▶ ASSIGNED TASK
Print the entries verbatim, leaving out the images they contain.

════════════════════

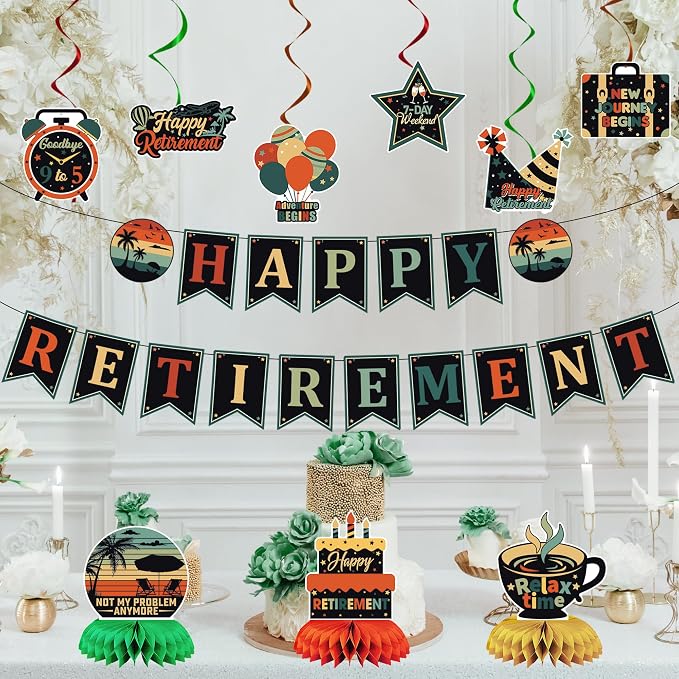 Vlipoeasn Colorful Retirement Decorations - Image 4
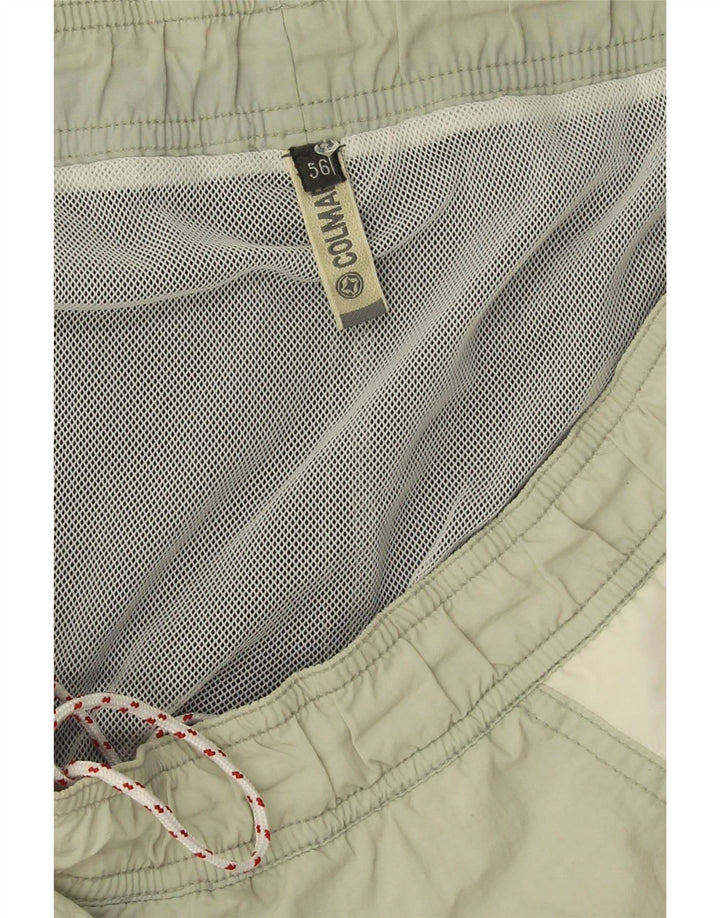 COLMAR Mens Graphic Swimming Shorts IT 56 XL Grey Colourblock Polyamide Vintage Colmar and Second-Hand Colmar from Messina Hembry 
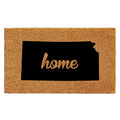Calloway Mills 105242436 Kansas Doormat, 24 x 36, Black/Natural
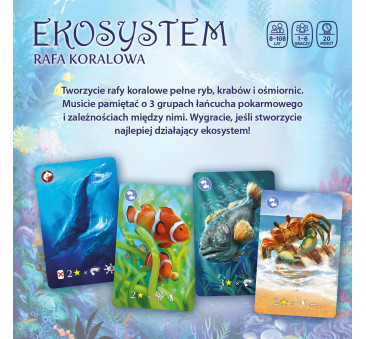 Rafa Koralowa - Ekosystem 2 - Karciana Gra Rodzinna - Nasza Księgarnia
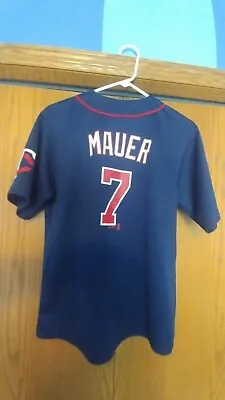 SWEET! Joe Mauer MLB #7 Minnesota Twins Majestic Jersey Youth L 14-16 ⚾🔥⚾😃🇺🇸 • $19.77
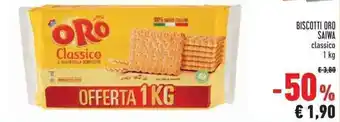 Conad Saiwa Biscotti Oro classico 1 kg offerta
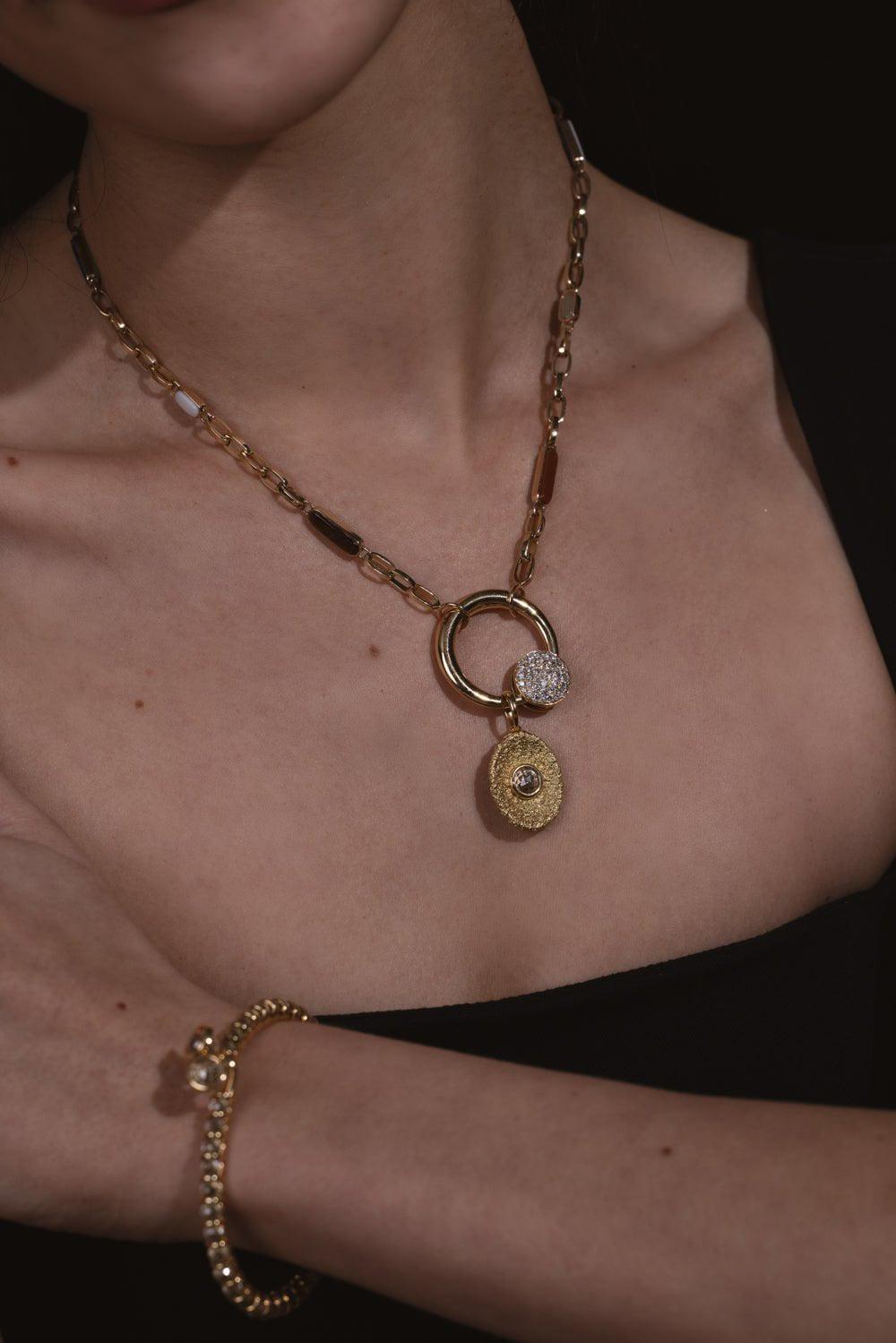 MARLA AARON-Self Involved Diamond Charm-YELLOW GOLD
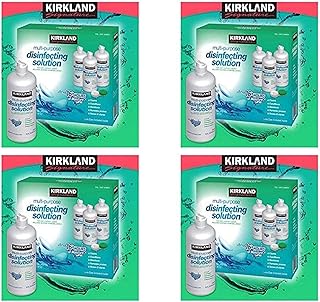Kirkland Signature Multi-Purpose Sterile Solution for Any Soft Contact Lens, 3 Count (16 oz Bottles), Pack 4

════════════════════

▶ FINISHED EXERCISE
 Vlipoeasn Colorful Retirement Decorations - Image 4
 COLMAR Mens Graphic Swimming Shorts IT 56 XL Grey Colourblock Polyamide Vintage Colmar and Second-Hand Colmar from Messina Hembry 
Calloway Mills 105242436 Kansas Doormat, 24 x 36, Black/Natural
 Rafa Koralowa - Ekosystem 2 - Karciana Gra Rodzinna - Nasza Księgarnia
 SWEET! Joe Mauer MLB #7 Minnesota Twins Majestic Jersey Youth L 14-16 ⚾🔥⚾😃🇺🇸 • $19.77
 Conad Saiwa Biscotti Oro classico 1 kg offerta
 MARLA AARON-Self Involved Diamond Charm-YELLOW GOLD
Kirkland Signature Multi-Purpose Sterile Solution for Any Soft Contact Lens, 3 Count (16 oz Bottles), Pack 4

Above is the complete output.